> [Directions for this task] Look below for the lines from the one with "Black lemieux streamline" to the one with "Bonnie Maxi Dress in Sweet Bee", and copy exactly those lines, both ends included.

**** Data extracts

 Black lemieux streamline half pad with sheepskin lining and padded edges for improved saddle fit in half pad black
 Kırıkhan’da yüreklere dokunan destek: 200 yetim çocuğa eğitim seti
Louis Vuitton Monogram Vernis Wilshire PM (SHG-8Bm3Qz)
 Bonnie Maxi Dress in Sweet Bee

********
**** Data extracts

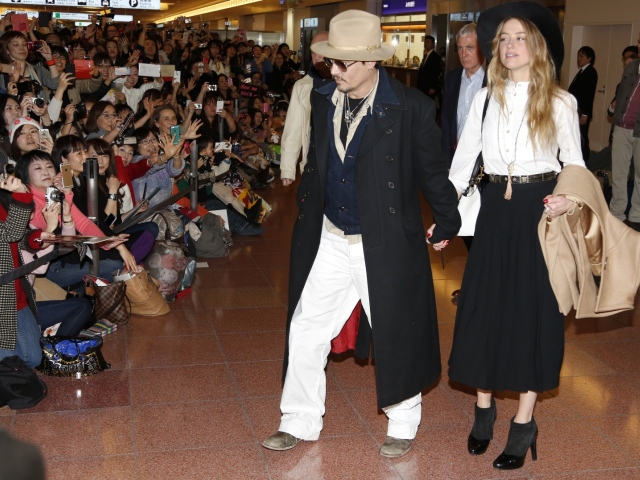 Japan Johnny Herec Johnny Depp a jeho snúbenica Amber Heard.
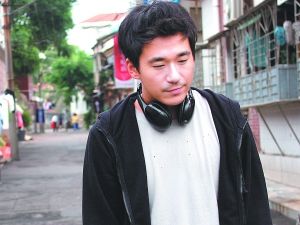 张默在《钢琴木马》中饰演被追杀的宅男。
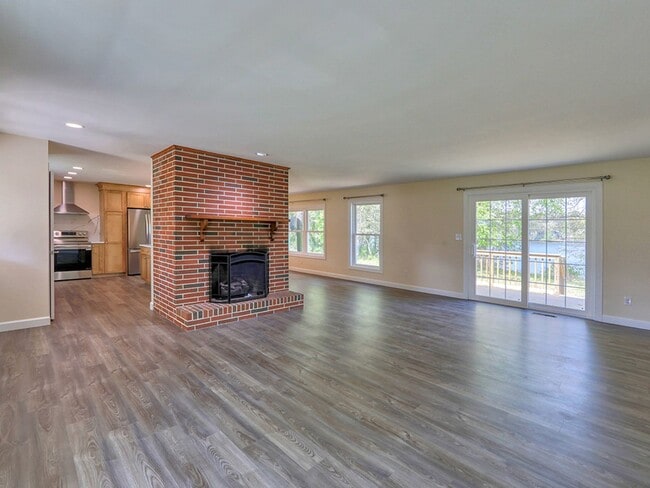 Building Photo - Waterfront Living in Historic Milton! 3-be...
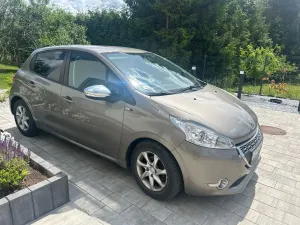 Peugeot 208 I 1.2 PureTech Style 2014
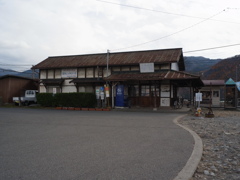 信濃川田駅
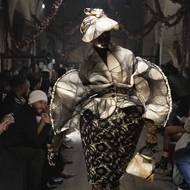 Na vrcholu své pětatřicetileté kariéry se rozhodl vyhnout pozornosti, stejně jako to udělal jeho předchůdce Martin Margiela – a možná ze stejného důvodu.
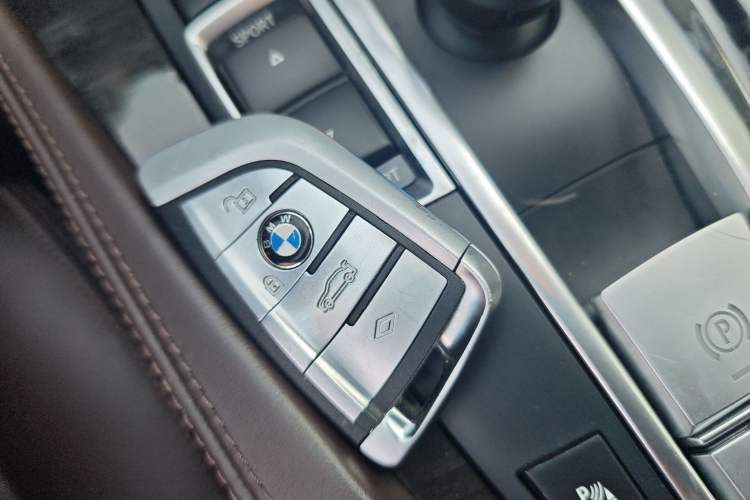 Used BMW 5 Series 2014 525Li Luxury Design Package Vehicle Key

********
**** Data extracts

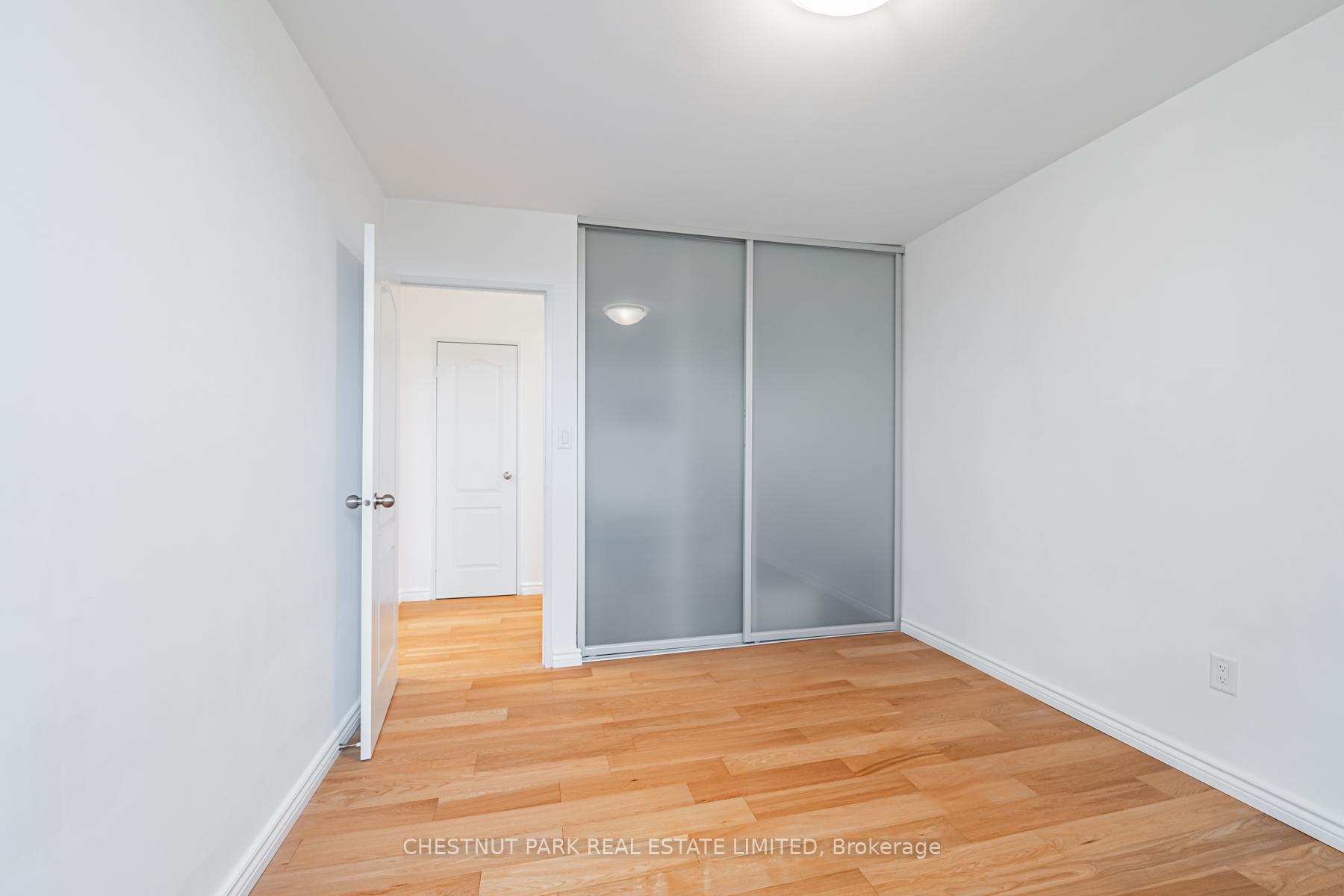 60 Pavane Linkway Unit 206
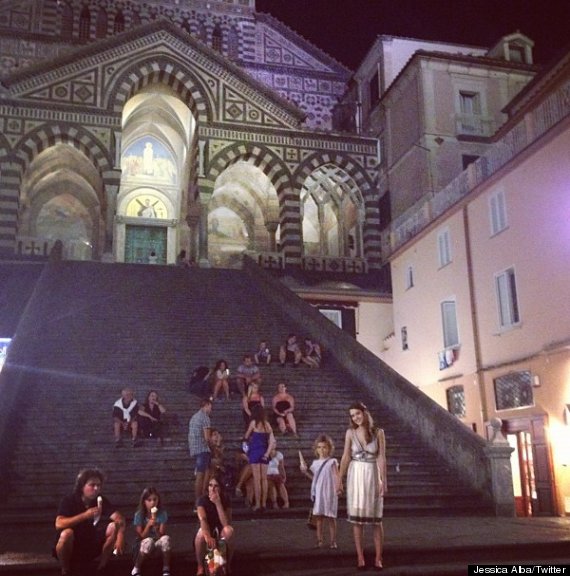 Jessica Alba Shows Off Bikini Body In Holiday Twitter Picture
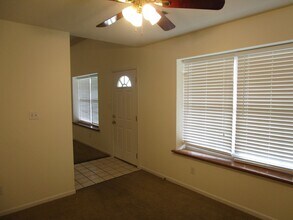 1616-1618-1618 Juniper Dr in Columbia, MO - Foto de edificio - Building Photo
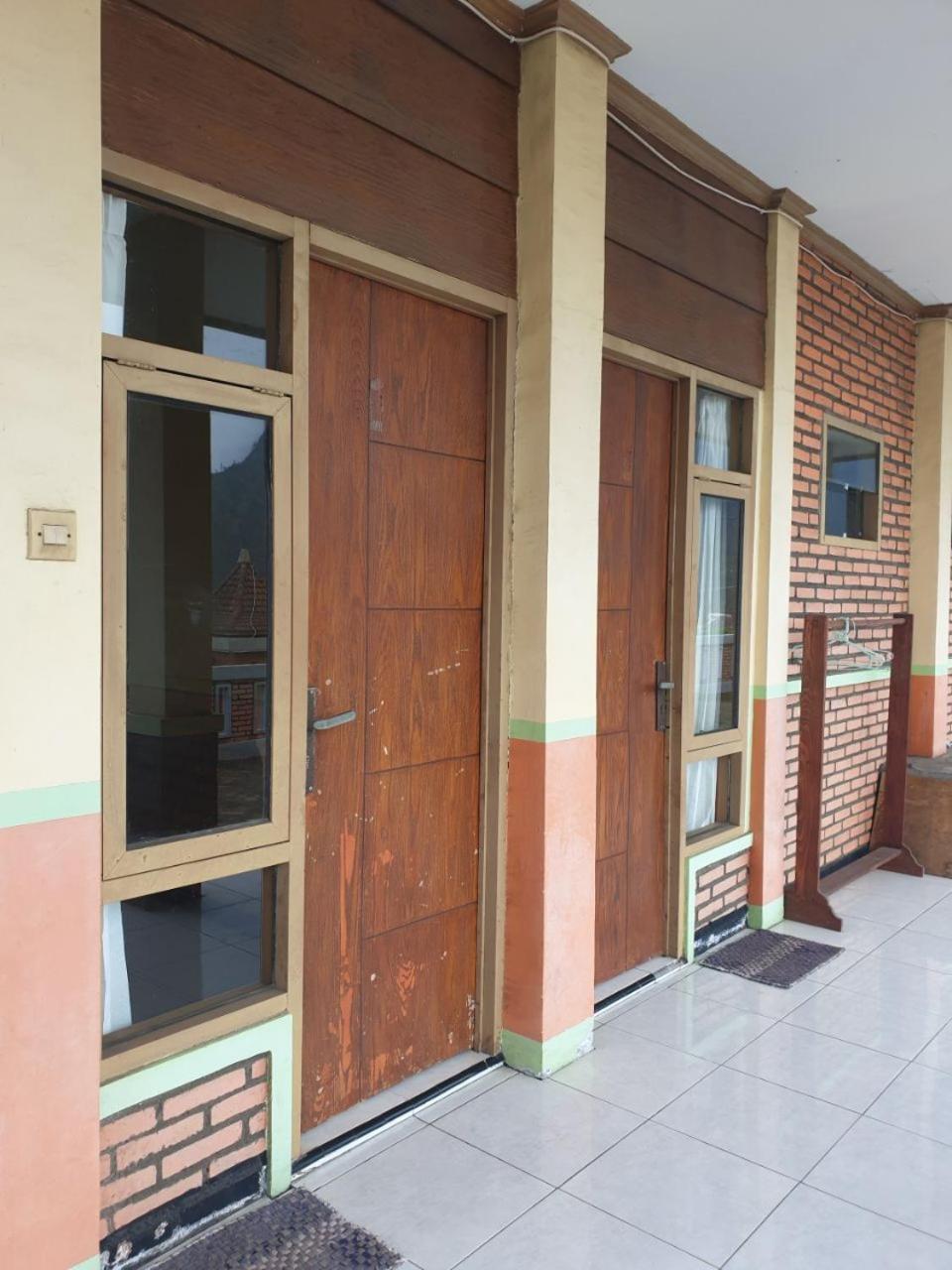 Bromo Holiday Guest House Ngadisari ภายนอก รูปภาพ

********

> [Reply to the task]
 Black lemieux streamline half pad with sheepskin lining and padded edges for improved saddle fit in half pad black
 Kırıkhan’da yüreklere dokunan destek: 200 yetim çocuğa eğitim seti
Louis Vuitton Monogram Vernis Wilshire PM (SHG-8Bm3Qz)
 Bonnie Maxi Dress in Sweet Bee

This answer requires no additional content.